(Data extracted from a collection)

§

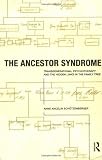 The Ancestor Syndrome: Transgenerational Psychotherapy and the Hidden Links in the Family Tree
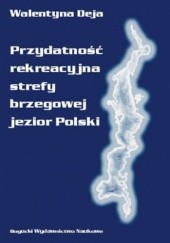 Przydatność rekreacyjna strefy brzegowej jezior Polski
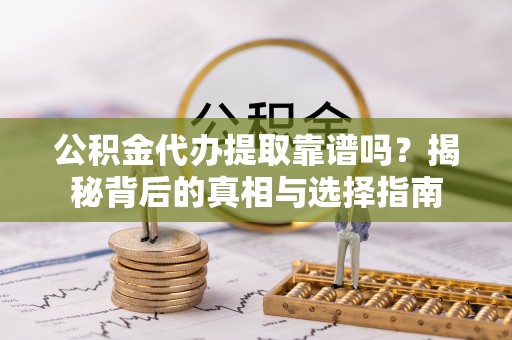 宝应公积金代办提取靠谱吗？揭秘背后的真相与选择指南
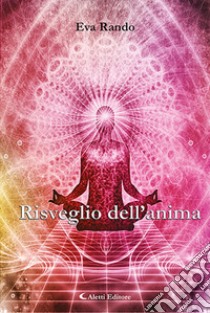 Risveglio dell'anima libro di Rando Eva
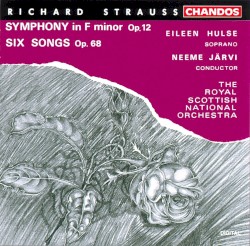 Symphony in F minor, op. 12 / Six Songs, op. 68 by Richard Strauss ;   The Royal Scottish National Orchestra ,   Neeme Järvi ,   Eileen Hulse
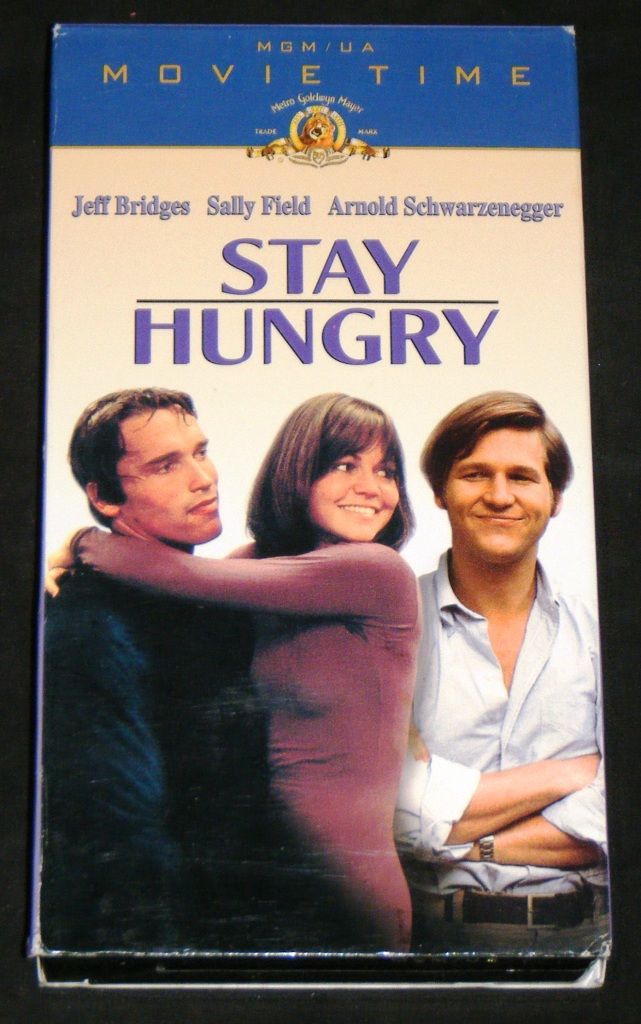 STAY HUNGRY VHS, MGM 1976   Jeff Bridges, Sally Field, Arnold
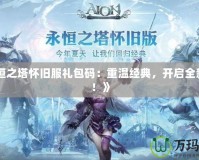 《永恒之塔懷舊服禮包碼：重溫經(jīng)典，開啟全新冒險(xiǎn)！》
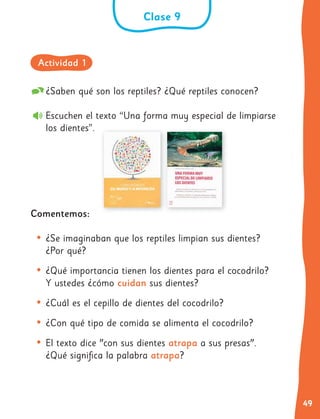 49
¿Saben qué son los reptiles? ¿Qué reptiles conocen?
Escuchen el texto “Una forma muy especial de limpiarse
los dientes”.
Comentemos:
• ¿Se imaginaban que los reptiles limpian sus dientes?
¿Por qué?
• ¿Qué importancia tienen los dientes para el cocodrilo?
Y ustedes ¿cómo cuidan sus dientes?
• ¿Cuál es el cepillo de dientes del cocodrilo?
• ¿Con qué tipo de comida se alimenta el cocodrilo?
• El texto dice "con sus dientes atrapa a sus presas".
¿Qué significa la palabra atrapa?
Clase 9
Actividad 1
 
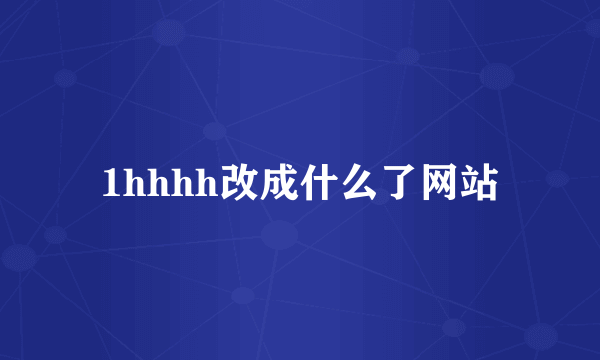 1hhhh改成什么了网站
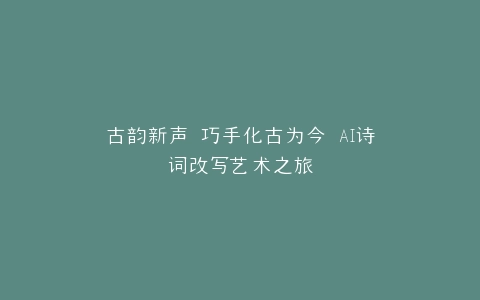 古韵新声 巧手化古为今 AI诗词改写艺术之旅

§

**Instructions for the task:**
Output all the entries exactly, minus any pictures.

**Solution below:**
 The Ancestor Syndrome: Transgenerational Psychotherapy and the Hidden Links in the Family Tree
 Przydatność rekreacyjna strefy brzegowej jezior Polski
 宝应公积金代办提取靠谱吗？揭秘背后的真相与选择指南
 Risveglio dell'anima libro di Rando Eva
 Symphony in F minor, op. 12 / Six Songs, op. 68 by Richard Strauss ;   The Royal Scottish National Orchestra ,   Neeme Järvi ,   Eileen Hulse
 STAY HUNGRY VHS, MGM 1976   Jeff Bridges, Sally Field, Arnold
 《永恒之塔懷舊服禮包碼：重溫經(jīng)典，開啟全新冒險(xiǎn)！》
 49
¿Saben qué son los reptiles? ¿Qué reptiles conocen?
Escuchen el texto “Una forma muy especial de limpiarse
los dientes”.
Comentemos:
• ¿Se imaginaban que los reptiles limpian sus dientes?
¿Por qué?
• ¿Qué importancia tienen los dientes para el cocodrilo?
Y ustedes ¿cómo cuidan sus dientes?
• ¿Cuál es el cepillo de dientes del cocodrilo?
• ¿Con qué tipo de comida se alimenta el cocodrilo?
• El texto dice "con sus dientes atrapa a sus presas".
¿Qué significa la palabra atrapa?
Clase 9
Actividad 1
 
 1hhhh改成什么了网站
 古韵新声 巧手化古为今 AI诗词改写艺术之旅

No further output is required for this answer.